In studies of people who are really good at something: It’s not about natural talent (for the thing they’re doing) but more about having a talent for practicing. Ability to practice is what makes people good at things (could be anything). This is both encouraging and depressing. But you CAN change your brain in profound ways if you just put in the time.

So how can you translate this to user experience? People won’t become passionate about something they suck at. If you have a success, you keep re-investing in what it takes to get better. The wrong answer for sites is “Keep using our tool.” Users don’t care about your tool.

1) Use telepathy. Two flavors of mirror neurons, i.e. the telepathy neurons. 1) Ability to read facial expressions. You have to see people’s faces when doing user testing. It’s like you’re running a simulation of their brain inside your brain. BUT sim resolution depends on YOU (on what you’ve already done or experienced). You need to have felt the user’s pain so you can empathize. You can sit in a room and close your eyes and practice free-throws. You actually can get better this way!

2) Serendipity. Brains love it. Brains are pattern matchers. We try to find reasons for things, connections. People think their iPod Shuffle is psychic, don’t believe it’s random. They think the shuffle is able to figure out what they need, when. (Notes lost due to flood of late arrivals at panel, grrrr.)

3) Make interface feel more alive. A little bit of real-world physics makes all the difference. The little UI bounce on the iPhone makes the UI feel much more human. Think about real-world physics.

4) Create Joy. Pay attention to Amy Jo Kim.

5) Inspire first-person language. Your site’s testimonials shouldn’t be about you. Get users to talk about themselves, use 1st person language. Lots of “I”s in user reviews. Don’t tell people how great you are, let them talk about how their life has changed.

6) T-shirt-first development. “God uses a Mac” “I went outside once. The graphics are not that good.” T-shirts nuggetize your philosophy. But make it good.

7) Easter eggs and other treats. Find delight, find surprise.

8) (Missed the title). Sierra admits she was wrong about Twitter. There’s more value there than she thought. Video – twitter in plain english (check this out). Point is that it can be hard to articulate the value of your product without them spending time with it. Make videos or guides or something to help make the case.

“My passion is awesome. Yours is totally lame.”

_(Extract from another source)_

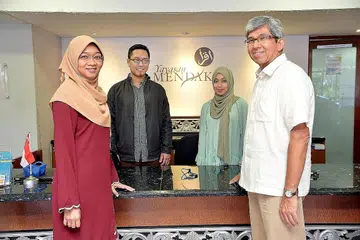 MAINKAN PERANAN UNTUK MASYARAKAT: Dr Yaacob bergambar bersama Ketua Pegawai Eksekutif (CEO) Yayasan Mendaki, Cik Rahayu Buang (kiri) dan dua kakitangan badan bantu diri itu di pejabat Mendaki di Kee Sun Avenue. - Foto M.O. SALLEH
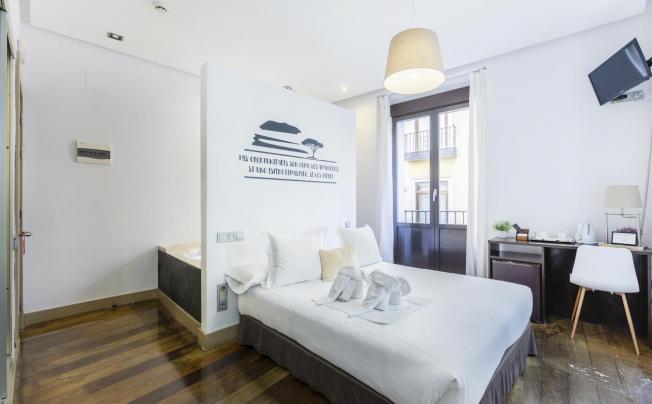 Фото отеля Madrid House Gay Pension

Look someone straight in the eyes. You are looking at a predator. That’s why we have eyes in the front of our head. I am seeing a deer that’s about to be eaten. Do you picture the audience as predators or as prey? Think about ways to help your users relieve stress. Get rid of the anxiety. If they’re stressed, they won’t stop and be thoughtful. They won’t spend time with you (your site). Manage the fight/flight response.

9)

10) Help improve their body. Exercise the brain. Brain Age is a top-seller — why? Plain old physical exercise is the #1 best thing for the brain. Geeks are coming late to this idea of “Oh, I have a body.” Optimize your body.

11) Give them superpowers quickly. How can you get people enabled really quickly? (contrast this to anti-spam comment from SN session – don’t give shared bookmark sites the social features right away – make them prove themselves). How to keep people pushing forward? Do experts know more? Learn to do knowledge acquisition and representation. Bruce Wilcox: Became a master of the game of “Go” – and did it by trying to write a computer program to emulate the game. By studying people and knowledge to “sympathize” with the game, he got inside of it.

Help and FAQs are not enough. “Let the off the hook” is the killer app.

User reactions to your site’s problems: “Oops!” vs. “Bastards!”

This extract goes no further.